§ **YOUR TASK**
Set down the entries once more, exactly as given.

§ **INPUT**
=== Section Start ===

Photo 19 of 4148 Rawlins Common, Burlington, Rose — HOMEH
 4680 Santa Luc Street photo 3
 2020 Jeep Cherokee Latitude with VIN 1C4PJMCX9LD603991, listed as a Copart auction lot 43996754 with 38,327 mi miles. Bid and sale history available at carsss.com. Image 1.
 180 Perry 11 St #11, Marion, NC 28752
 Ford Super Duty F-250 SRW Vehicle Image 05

=== Section End ===

§ **EXERCISE OUTPUT**
Photo 19 of 4148 Rawlins Common, Burlington, Rose — HOMEH
 4680 Santa Luc Street photo 3
 2020 Jeep Cherokee Latitude with VIN 1C4PJMCX9LD603991, listed as a Copart auction lot 43996754 with 38,327 mi miles. Bid and sale history available at carsss.com. Image 1.
 180 Perry 11 St #11, Marion, NC 28752
 Ford Super Duty F-250 SRW Vehicle Image 05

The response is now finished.